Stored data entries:
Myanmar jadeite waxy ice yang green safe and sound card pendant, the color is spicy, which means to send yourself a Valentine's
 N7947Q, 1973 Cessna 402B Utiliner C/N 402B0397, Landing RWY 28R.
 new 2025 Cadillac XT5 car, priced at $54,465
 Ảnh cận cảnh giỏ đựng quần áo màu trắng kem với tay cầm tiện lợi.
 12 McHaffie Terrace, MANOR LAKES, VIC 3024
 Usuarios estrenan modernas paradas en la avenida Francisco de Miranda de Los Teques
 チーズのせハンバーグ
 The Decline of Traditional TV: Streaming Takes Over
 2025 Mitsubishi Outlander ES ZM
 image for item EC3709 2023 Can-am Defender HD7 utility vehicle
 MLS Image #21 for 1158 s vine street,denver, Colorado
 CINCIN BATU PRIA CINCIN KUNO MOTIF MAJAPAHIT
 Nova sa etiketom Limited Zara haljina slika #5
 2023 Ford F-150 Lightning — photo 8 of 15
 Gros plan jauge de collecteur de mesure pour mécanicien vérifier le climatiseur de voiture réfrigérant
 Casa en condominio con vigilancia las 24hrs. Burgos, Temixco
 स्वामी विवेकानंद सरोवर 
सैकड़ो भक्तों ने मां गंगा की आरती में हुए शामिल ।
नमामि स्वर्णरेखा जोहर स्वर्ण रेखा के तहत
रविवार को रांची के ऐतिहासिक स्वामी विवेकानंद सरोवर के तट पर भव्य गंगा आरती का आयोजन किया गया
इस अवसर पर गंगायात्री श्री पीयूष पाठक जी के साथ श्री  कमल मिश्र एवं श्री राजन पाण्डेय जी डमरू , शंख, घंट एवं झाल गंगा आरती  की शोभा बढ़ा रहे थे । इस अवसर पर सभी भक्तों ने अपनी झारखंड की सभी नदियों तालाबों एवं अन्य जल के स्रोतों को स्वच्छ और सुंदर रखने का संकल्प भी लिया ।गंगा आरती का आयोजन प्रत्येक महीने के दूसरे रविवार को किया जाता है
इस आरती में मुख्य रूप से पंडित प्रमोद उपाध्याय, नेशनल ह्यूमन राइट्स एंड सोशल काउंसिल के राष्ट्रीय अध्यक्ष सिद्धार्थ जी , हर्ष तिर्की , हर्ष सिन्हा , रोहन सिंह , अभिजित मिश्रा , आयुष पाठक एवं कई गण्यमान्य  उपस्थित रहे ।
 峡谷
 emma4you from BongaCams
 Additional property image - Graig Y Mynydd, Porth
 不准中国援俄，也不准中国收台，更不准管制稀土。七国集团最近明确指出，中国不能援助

ACTIVITY: Output each line of the data exactly as it stands above.

TASK SOLUTION:
Myanmar jadeite waxy ice yang green safe and sound card pendant, the color is spicy, which means to send yourself a Valentine's
 N7947Q, 1973 Cessna 402B Utiliner C/N 402B0397, Landing RWY 28R.
 new 2025 Cadillac XT5 car, priced at $54,465
 Ảnh cận cảnh giỏ đựng quần áo màu trắng kem với tay cầm tiện lợi.
 12 McHaffie Terrace, MANOR LAKES, VIC 3024
 Usuarios estrenan modernas paradas en la avenida Francisco de Miranda de Los Teques
 チーズのせハンバーグ
 The Decline of Traditional TV: Streaming Takes Over
 2025 Mitsubishi Outlander ES ZM
 image for item EC3709 2023 Can-am Defender HD7 utility vehicle
 MLS Image #21 for 1158 s vine street,denver, Colorado
 CINCIN BATU PRIA CINCIN KUNO MOTIF MAJAPAHIT
 Nova sa etiketom Limited Zara haljina slika #5
 2023 Ford F-150 Lightning — photo 8 of 15
 Gros plan jauge de collecteur de mesure pour mécanicien vérifier le climatiseur de voiture réfrigérant
 Casa en condominio con vigilancia las 24hrs. Burgos, Temixco
 स्वामी विवेकानंद सरोवर 
सैकड़ो भक्तों ने मां गंगा की आरती में हुए शामिल ।
नमामि स्वर्णरेखा जोहर स्वर्ण रेखा के तहत
रविवार को रांची के ऐतिहासिक स्वामी विवेकानंद सरोवर के तट पर भव्य गंगा आरती का आयोजन किया गया
इस अवसर पर गंगायात्री श्री पीयूष पाठक जी के साथ श्री  कमल मिश्र एवं श्री राजन पाण्डेय जी डमरू , शंख, घंट एवं झाल गंगा आरती  की शोभा बढ़ा रहे थे । इस अवसर पर सभी भक्तों ने अपनी झारखंड की सभी नदियों तालाबों एवं अन्य जल के स्रोतों को स्वच्छ और सुंदर रखने का संकल्प भी लिया ।गंगा आरती का आयोजन प्रत्येक महीने के दूसरे रविवार को किया जाता है
इस आरती में मुख्य रूप से पंडित प्रमोद उपाध्याय, नेशनल ह्यूमन राइट्स एंड सोशल काउंसिल के राष्ट्रीय अध्यक्ष सिद्धार्थ जी , हर्ष तिर्की , हर्ष सिन्हा , रोहन सिंह , अभिजित मिश्रा , आयुष पाठक एवं कई गण्यमान्य  उपस्थित रहे ।
 峡谷
 emma4you from BongaCams
 Additional property image - Graig Y Mynydd, Porth
 不准中国援俄，也不准中国收台，更不准管制稀土。七国集团最近明确指出，中国不能援助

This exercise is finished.